_PROMPT:_ All lines from the first line of the material up to and including the line with "add your own" must be copied exactly, and no others.

------------------------------------------------------------

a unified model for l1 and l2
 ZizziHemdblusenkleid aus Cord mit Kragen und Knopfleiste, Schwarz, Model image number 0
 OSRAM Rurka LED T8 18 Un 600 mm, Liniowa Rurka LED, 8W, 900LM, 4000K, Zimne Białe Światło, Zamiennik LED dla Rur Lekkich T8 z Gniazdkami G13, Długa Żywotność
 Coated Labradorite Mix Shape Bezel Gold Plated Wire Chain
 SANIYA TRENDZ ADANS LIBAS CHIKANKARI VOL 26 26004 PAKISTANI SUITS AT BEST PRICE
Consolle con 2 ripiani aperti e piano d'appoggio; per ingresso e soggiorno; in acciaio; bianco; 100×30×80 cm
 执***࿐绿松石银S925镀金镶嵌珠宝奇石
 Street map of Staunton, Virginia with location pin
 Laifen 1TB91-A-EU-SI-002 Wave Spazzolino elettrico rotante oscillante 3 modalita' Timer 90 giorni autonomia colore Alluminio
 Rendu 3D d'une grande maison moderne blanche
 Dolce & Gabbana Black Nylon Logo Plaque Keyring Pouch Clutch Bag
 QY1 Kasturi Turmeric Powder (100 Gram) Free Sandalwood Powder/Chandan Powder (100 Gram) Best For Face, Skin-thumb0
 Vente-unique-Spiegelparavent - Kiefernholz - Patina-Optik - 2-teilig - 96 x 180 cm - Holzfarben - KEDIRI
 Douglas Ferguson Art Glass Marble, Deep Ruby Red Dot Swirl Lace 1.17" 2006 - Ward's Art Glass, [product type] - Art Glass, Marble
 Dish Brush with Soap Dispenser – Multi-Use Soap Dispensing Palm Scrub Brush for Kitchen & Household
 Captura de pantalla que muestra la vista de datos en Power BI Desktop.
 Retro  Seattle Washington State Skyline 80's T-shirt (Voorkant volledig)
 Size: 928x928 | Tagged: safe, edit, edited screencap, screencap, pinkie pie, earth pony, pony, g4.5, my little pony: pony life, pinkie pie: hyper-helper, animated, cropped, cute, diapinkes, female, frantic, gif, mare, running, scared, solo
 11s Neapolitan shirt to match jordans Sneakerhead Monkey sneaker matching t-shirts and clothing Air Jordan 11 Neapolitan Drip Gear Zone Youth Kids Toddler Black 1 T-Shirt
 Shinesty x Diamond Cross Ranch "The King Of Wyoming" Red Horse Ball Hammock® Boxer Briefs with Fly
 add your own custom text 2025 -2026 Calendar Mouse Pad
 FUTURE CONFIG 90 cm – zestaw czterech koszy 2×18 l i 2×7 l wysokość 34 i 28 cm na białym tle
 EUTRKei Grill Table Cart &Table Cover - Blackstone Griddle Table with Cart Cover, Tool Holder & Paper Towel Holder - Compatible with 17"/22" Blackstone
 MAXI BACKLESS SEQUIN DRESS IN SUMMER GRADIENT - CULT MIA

------------------------------------------------------------

_COMPLETED EXERCISE:_
a unified model for l1 and l2
 ZizziHemdblusenkleid aus Cord mit Kragen und Knopfleiste, Schwarz, Model image number 0
 OSRAM Rurka LED T8 18 Un 600 mm, Liniowa Rurka LED, 8W, 900LM, 4000K, Zimne Białe Światło, Zamiennik LED dla Rur Lekkich T8 z Gniazdkami G13, Długa Żywotność
 Coated Labradorite Mix Shape Bezel Gold Plated Wire Chain
 SANIYA TRENDZ ADANS LIBAS CHIKANKARI VOL 26 26004 PAKISTANI SUITS AT BEST PRICE
Consolle con 2 ripiani aperti e piano d'appoggio; per ingresso e soggiorno; in acciaio; bianco; 100×30×80 cm
 执***࿐绿松石银S925镀金镶嵌珠宝奇石
 Street map of Staunton, Virginia with location pin
 Laifen 1TB91-A-EU-SI-002 Wave Spazzolino elettrico rotante oscillante 3 modalita' Timer 90 giorni autonomia colore Alluminio
 Rendu 3D d'une grande maison moderne blanche
 Dolce & Gabbana Black Nylon Logo Plaque Keyring Pouch Clutch Bag
 QY1 Kasturi Turmeric Powder (100 Gram) Free Sandalwood Powder/Chandan Powder (100 Gram) Best For Face, Skin-thumb0
 Vente-unique-Spiegelparavent - Kiefernholz - Patina-Optik - 2-teilig - 96 x 180 cm - Holzfarben - KEDIRI
 Douglas Ferguson Art Glass Marble, Deep Ruby Red Dot Swirl Lace 1.17" 2006 - Ward's Art Glass, [product type] - Art Glass, Marble
 Dish Brush with Soap Dispenser – Multi-Use Soap Dispensing Palm Scrub Brush for Kitchen & Household
 Captura de pantalla que muestra la vista de datos en Power BI Desktop.
 Retro  Seattle Washington State Skyline 80's T-shirt (Voorkant volledig)
 Size: 928x928 | Tagged: safe, edit, edited screencap, screencap, pinkie pie, earth pony, pony, g4.5, my little pony: pony life, pinkie pie: hyper-helper, animated, cropped, cute, diapinkes, female, frantic, gif, mare, running, scared, solo
 11s Neapolitan shirt to match jordans Sneakerhead Monkey sneaker matching t-shirts and clothing Air Jordan 11 Neapolitan Drip Gear Zone Youth Kids Toddler Black 1 T-Shirt
 Shinesty x Diamond Cross Ranch "The King Of Wyoming" Red Horse Ball Hammock® Boxer Briefs with Fly
 add your own custom text 2025 -2026 Calendar Mouse Pad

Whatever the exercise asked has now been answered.